Enabling written findings to be issued with the cause of death only, where appropriate

  1. When a coroner delivers their 'findings' into a death - following their investigation and, in some cases, their inquiry - they are required to report on the cause of death (how someone died) and the circumstances of the death (the broader context in which the death took place, such as the events that led up to the death).

 

  1. The reporting on the circumstances of death relates to the coroner's primary public interest function, which is to prevent similar deaths from happening in future. However, in cases where there is no public interest in the circumstances of the death, the need to report on the circumstances (in addition to the cause of death) can lead to unnecessary delay and cause additional stress to whānau interacting with the coronial system.

 

  1. This amendment will enable coroners to issue written findings with the cause of death only, and not the circumstances of death, if the coroner considers there is no public interest in making findings as to the broader circumstances.

 

  1. It is intended to enable more cases to be dealt with in a more timely way, particularly with respect to deaths that prove to be of natural causes. This will mean families and whānau receive a coroner’s findings sooner, and free up coroner time to work on more complex cases.

 

 

 

  1. The Ministry expects the impact of the amendment to be minor. While a coroner will still be required to consider the public interest in the circumstances of death in all cases, a coroner won't have to prepare written findings on the circumstances if they determine there is no public interest in these. However, it is difficult to precisely determine the time and cost savings of this amendment as coroners are independent judicial officers and how they interpret the public interest will vary.

 

  1. The Ministry understands from coroners that this amendment will help most with cases where an inquiry is opened, but the results of a post-mortem subsequently indicate the person died of natural causes and there is no public interest to be served in elaborating on the circumstances in which they died.

 



[1] Duty coroners are coroners authorised to undertake a range of work and make a range of judicial decisions in the initial period (usually up to 48 hours) after a death is reported to the coroner.

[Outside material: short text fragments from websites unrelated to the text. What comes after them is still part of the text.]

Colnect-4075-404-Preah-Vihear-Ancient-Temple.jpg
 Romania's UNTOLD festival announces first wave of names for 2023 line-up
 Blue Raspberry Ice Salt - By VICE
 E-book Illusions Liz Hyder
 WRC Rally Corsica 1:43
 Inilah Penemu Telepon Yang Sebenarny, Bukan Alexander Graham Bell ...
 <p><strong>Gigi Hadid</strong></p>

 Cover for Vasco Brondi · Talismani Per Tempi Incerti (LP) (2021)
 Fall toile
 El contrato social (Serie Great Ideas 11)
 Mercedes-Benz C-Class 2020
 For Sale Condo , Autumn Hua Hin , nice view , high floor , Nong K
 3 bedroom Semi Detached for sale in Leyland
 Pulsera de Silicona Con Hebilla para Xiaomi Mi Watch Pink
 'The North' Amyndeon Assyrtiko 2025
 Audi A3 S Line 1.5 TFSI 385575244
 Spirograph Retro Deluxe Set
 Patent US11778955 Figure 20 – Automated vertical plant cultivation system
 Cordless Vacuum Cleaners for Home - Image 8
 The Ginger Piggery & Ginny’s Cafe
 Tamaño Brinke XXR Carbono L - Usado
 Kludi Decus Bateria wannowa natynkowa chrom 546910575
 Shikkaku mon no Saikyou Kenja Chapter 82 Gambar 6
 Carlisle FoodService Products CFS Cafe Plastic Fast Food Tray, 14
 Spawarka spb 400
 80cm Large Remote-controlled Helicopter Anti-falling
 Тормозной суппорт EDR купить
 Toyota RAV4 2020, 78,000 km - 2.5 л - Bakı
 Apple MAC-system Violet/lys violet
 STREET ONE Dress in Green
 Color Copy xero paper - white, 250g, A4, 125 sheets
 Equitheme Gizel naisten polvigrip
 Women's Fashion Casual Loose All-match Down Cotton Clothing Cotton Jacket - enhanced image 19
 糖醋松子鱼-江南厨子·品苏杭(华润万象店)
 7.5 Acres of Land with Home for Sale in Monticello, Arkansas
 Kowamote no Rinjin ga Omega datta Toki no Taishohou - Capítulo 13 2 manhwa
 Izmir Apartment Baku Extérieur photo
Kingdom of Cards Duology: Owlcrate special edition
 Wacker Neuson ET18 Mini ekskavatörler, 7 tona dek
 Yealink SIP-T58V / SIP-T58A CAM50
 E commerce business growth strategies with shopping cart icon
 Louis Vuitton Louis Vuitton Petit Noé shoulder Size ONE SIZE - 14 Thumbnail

[2] The cause of death is how someone died (that is, the immediate and antecedent causes of death) whereas the circumstances are the broader context in which the death took place (for example, the events that led up to the death).

[3] Under section 77 of the principal Act, if a party indicates an intention to give evidence, or cross-examine witnesses, in person and makes this known to the coroner, then the coroner must hold an inquest, even if the coroner considers (having regard to statutory criteria in the principal Act) that an inquest is not needed.

[4] Currently, when a coroner is filling out the relevant certificate, a coroner will generally record other additional information if known, such as the antecedent cause(s) of death, underlying condition(s), and other significant conditions contributing to death.

[5] Budget 2022 has provided funding for this new role

[6] Duty coroners are coroners who are authorised by the Chief Coroner to exercise or perform any function, duty or power that would ordinarily be performed or exercised by a responsible coroner, but “in the circumstances, is more appropriately performed or exercised by a coroner who is immediately available” (refer to section 16(3) of the Coroners Act 2006). In practice, coroners are rostered on to provide 24/7 coverage as ‘duty coroners’ to make a range of judicial decisions in the initial period (usually up to 48 hours) after a death is reported to the coroner.